Same as the failure of Itanium VLIW instructions: you don't actually want to force the decision of what is in the cache back to compile time, when the relevant information is better available at runtime.
Also, additional information on instructions costs instruction bandwidth and I-cache.
That seems correct, but it also doesn’t account for managed languages with runtimes like JavaScript or Java or .NET, which probably have a lot of interesting runtime info they could use to influence caching behavior. There’s an amount of “who caches the cacher” if you go down this path (who manages cache lines for the V8 native code that is in turn managing cache lines for jitted JavaScript code), but it still seems like there is opportunity there?
thats a strange statement. its certainly not black and white, but the compiler has explicit lifetime information, while the cache infrastructure is using heuristics. I worked on a project which supported region tags in the cache for compiler-directed allocation and it showed some decent gains (in simulation).
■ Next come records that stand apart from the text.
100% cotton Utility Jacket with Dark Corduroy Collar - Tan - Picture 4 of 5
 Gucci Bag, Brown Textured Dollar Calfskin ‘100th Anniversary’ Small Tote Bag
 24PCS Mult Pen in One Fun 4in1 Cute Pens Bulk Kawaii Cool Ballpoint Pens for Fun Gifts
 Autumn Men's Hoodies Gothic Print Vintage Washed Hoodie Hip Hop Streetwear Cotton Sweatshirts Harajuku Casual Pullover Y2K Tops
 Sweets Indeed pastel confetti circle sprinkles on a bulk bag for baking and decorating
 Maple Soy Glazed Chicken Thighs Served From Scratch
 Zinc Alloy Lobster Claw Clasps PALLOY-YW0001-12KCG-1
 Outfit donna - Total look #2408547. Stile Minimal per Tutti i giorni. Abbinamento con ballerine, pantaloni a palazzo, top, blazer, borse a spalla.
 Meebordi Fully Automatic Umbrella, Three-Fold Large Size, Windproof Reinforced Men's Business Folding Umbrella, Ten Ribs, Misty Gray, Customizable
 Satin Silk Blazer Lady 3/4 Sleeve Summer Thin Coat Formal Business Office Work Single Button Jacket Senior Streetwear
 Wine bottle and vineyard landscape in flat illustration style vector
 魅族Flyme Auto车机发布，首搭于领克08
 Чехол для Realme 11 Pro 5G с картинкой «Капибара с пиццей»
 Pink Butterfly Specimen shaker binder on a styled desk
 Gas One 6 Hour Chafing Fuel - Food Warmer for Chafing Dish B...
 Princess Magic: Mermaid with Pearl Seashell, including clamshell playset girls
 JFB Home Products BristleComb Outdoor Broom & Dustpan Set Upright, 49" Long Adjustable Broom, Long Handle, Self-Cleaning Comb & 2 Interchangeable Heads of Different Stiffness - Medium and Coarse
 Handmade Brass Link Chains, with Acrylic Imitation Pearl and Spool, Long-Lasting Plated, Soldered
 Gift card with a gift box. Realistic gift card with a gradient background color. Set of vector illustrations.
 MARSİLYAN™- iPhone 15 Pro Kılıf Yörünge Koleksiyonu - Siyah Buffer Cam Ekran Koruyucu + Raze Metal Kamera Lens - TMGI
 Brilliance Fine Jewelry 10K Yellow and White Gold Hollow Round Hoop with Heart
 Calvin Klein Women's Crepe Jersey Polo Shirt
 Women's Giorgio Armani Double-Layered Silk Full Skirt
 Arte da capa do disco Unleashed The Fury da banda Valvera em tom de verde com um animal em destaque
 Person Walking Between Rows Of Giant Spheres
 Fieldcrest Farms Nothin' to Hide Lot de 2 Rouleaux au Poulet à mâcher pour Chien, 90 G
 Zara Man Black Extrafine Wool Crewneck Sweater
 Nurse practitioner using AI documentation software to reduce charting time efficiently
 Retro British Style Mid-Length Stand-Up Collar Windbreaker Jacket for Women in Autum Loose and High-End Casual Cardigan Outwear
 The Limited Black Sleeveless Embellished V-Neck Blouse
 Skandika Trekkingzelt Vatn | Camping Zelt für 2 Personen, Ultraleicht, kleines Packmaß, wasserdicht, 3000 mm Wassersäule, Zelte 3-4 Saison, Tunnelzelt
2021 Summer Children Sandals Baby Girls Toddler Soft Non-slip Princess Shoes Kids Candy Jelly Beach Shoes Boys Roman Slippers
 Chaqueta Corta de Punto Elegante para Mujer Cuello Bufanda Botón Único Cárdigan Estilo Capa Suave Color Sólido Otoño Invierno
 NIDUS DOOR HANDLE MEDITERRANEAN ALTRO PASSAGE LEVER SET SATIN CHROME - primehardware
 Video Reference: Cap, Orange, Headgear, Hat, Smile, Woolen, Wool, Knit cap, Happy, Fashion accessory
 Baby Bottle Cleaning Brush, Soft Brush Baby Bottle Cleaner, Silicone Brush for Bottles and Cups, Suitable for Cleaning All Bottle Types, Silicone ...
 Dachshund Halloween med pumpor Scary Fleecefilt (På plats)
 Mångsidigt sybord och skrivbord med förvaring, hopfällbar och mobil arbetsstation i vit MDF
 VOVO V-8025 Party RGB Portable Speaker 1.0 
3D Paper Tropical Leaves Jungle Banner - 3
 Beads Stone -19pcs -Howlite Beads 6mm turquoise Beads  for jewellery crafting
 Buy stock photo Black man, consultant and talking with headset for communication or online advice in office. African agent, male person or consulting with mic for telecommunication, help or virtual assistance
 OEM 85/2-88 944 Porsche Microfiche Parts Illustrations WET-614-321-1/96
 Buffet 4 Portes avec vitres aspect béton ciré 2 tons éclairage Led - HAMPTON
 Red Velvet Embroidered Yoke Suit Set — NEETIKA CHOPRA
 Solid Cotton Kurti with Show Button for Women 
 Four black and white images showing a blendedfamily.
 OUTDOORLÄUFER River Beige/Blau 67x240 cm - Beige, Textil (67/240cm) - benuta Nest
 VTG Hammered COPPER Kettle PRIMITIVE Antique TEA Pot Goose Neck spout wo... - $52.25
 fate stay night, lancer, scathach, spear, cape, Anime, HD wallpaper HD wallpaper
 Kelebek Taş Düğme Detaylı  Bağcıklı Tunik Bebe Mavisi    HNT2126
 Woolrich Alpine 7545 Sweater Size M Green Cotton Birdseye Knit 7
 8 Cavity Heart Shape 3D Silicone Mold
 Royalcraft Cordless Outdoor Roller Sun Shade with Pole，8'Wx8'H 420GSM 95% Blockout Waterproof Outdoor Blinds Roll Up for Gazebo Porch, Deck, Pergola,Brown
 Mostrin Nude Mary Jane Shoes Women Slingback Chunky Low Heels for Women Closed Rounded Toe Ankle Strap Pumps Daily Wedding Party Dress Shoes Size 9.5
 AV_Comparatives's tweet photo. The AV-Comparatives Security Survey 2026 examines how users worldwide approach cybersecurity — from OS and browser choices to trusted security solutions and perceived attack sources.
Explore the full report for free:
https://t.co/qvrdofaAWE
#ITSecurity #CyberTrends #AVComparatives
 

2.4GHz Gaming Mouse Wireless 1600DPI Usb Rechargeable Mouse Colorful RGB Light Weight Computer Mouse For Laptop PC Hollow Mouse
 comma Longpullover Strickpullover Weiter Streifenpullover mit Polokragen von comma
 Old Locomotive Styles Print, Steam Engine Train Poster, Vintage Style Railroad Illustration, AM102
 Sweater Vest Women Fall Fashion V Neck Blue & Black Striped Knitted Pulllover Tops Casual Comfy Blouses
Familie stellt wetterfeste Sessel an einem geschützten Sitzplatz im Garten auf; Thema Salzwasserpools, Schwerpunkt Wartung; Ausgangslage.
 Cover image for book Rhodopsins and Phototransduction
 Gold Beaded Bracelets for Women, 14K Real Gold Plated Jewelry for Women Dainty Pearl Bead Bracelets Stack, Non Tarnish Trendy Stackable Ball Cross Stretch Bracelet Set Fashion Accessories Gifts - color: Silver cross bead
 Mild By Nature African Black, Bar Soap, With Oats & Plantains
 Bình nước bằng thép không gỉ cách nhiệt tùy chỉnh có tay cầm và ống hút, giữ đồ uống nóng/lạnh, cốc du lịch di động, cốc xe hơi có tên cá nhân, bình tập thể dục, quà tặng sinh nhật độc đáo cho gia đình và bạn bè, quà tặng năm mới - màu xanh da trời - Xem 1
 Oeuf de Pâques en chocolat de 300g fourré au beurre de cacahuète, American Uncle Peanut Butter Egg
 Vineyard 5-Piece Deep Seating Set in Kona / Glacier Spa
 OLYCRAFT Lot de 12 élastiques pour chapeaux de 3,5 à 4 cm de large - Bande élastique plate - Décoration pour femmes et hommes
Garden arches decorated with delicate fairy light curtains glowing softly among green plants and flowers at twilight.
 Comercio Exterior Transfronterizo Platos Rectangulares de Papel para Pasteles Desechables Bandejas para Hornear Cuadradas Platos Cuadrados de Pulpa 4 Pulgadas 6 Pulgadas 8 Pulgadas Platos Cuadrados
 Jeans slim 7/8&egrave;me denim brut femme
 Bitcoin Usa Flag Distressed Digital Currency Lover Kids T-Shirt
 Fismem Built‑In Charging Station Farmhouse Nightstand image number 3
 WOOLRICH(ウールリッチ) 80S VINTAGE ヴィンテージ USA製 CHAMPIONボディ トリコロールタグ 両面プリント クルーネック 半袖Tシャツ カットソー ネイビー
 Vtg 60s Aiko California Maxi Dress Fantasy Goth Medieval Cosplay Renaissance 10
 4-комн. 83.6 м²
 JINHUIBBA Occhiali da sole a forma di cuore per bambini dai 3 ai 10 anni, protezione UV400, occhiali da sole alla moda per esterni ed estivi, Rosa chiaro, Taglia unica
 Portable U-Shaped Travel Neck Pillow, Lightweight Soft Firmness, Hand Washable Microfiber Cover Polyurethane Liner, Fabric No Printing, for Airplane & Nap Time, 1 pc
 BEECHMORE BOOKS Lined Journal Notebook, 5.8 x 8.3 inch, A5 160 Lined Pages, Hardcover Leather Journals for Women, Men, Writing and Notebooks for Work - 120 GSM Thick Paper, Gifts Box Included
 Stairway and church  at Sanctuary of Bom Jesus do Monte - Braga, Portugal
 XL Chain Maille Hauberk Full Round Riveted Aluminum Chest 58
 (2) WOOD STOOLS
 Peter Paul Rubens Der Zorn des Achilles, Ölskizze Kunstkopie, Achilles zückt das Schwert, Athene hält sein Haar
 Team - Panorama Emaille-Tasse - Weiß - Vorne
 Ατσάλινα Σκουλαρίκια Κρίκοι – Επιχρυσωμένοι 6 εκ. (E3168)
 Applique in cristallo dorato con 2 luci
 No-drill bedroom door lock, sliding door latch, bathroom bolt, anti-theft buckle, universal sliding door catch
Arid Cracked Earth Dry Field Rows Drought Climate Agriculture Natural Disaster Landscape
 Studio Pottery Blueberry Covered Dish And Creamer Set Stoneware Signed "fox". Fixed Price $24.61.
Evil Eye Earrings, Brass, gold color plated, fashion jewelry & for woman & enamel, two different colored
I guess this is one place where it seems possible to allow for compiler annotations without disabling the default heuristics so you could maybe get the best of both.
> you don't actually want to force the decision of what is in the cache back to compile time, when the relevant information is better available at runtime
That is very context-dependent. In high-performance code having explicit control over caches can be very beneficial. CUDA and similar give you that ability and it is used extensively.
Now, for general "I wrote some code and want the hardware to run it fast with little effort from my side", I agree that transparent caches are the way.